Even developed countries like the UAE are “ripe for digital transformation”, said Mr Kelly.

“In the UAE, millennials account for 30 per cent [of the population], smartphone penetration is at 79 per cent and consumers are open to change … all factors fuelling the demand for a better alternative to cash.”

Driven by increases in payments volume and processed transactions, as well as cross-border and digital payments, Visa recorded strong earnings growth in its third quarter that ended on June 30.

The company’s net income rose 33 per cent year-on-year to $3.10bn. The number of transactions processed increased 11.7 per cent to 35.43 billion.

Visa
Visa

By region, Central and Eastern Europe, Middle East and Africa (Cemea) showed the highest growth in payments volumes globally, at over 22 per cent in the last quarter.

“Our goal is to be in the middle of as many transactions as possible. With that in mind, the UAE and broader MEA region are very important markets for Visa,” said Mr Kelly.

Mr Kelly said Visa is looking at regional investments to boost growth in the medium-term, including acquisitions to expand into new markets.

In May, Visa acquired UK-based Earthport - a company that provides cross-border payment services to banks, money transfer service providers and businesses in over 200 countries.

“With Earthport, Visa can reach over 99 per cent of consumer and small business bank accounts in 88 countries, including the top 50 markets (that represent over 90 per cent of global volumes),” said Mr Kelly.

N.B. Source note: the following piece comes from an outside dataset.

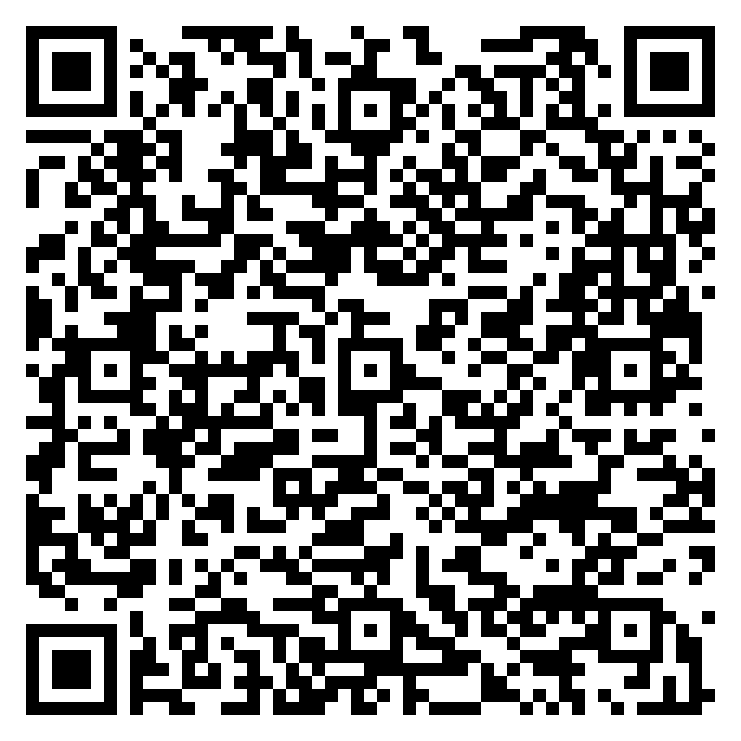 kod QR z danymi kontaktowymi 38535400100000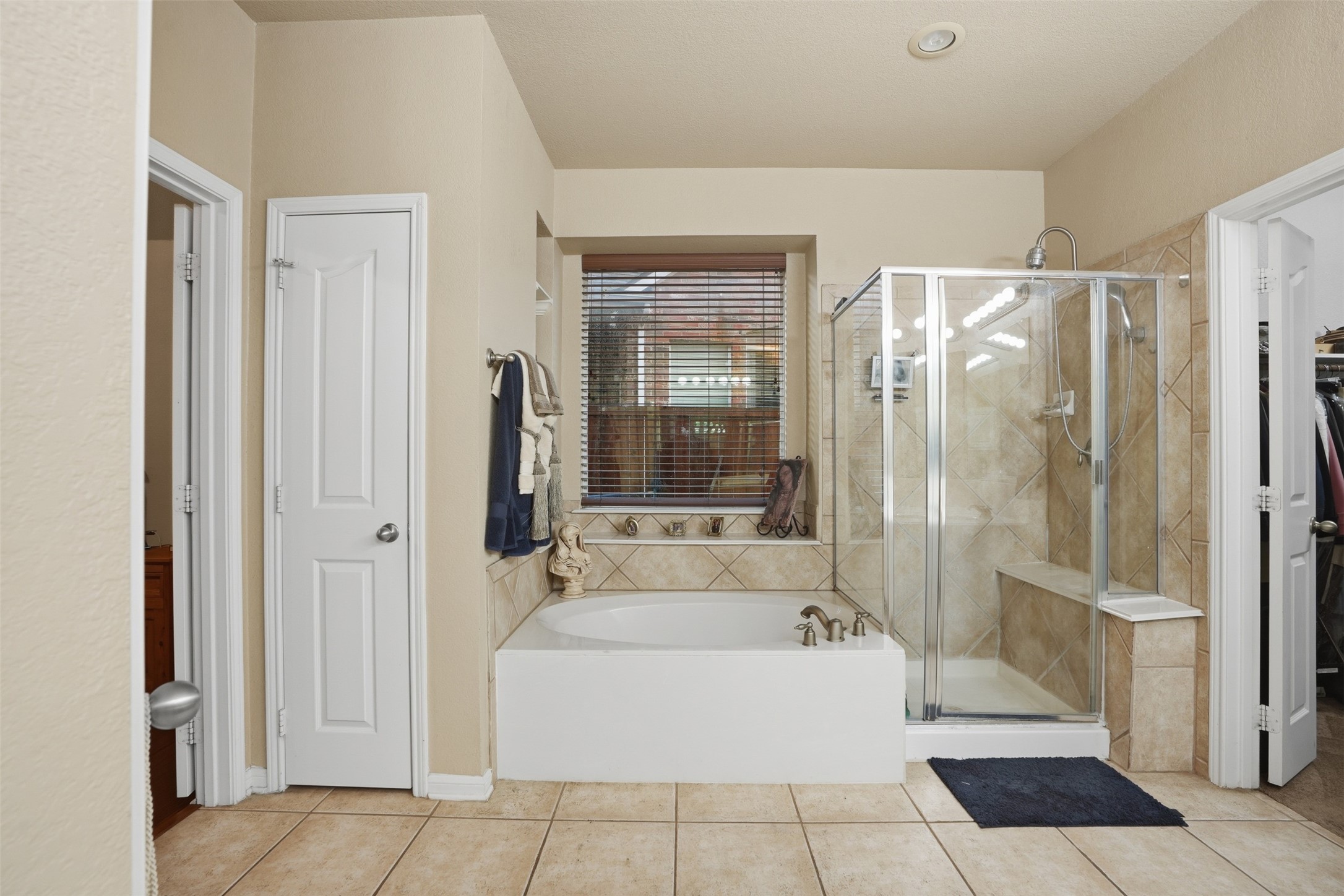 9625 Brazendine Drive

Visa is also using artificial intelligence, data analytics and machine learning to predict and prevent financial frauds.

“Visa processed more than 127 billion transactions between merchants and financial institutions last year and employed AI to analyse 100 per cent of the transactions… each in about one millisecond,” said Mr Kelly, adding that it helped financial institutions to “approve legitimate purchases while quickly identifying fraudulent transactions”.

Visa is also enabling the roll-out of mobile wallets such as Apple Pay, Google Pay and Samsung Pay in the UAE and globally, as these companies use Visa tokenisation, a form of data security, to keep sensitive account information safe.

The global e-commerce boom is a major growth driver for Visa's business.

“E-commerce holds immense potential… in 2018 alone, global e-retail sales amounted to $2.8tn, and projections show a growth of up to $4.8tn by 2021,” said Mr Kelly.

In the UAE, e-commerce transactions are forecast to total $16bn in 2019 and grow 23 per cent annually between 2018 and 2022, the most out of any country in Mena, according to a joint study by Dubai Economy and Visa.

“Thanks to the progressive policies, growing presence of new payment players and a growing number of retailers accepting mobile wallet payments, UAE is in a great position to continue its march towards becoming a digital-first society,” said Mr Kelly.

Visa has also partnered with Dubai Silicon Oasis Authority in a $1 million investment in the Dubai Smart City Accelerator that aims to support start-ups and FinTech companies.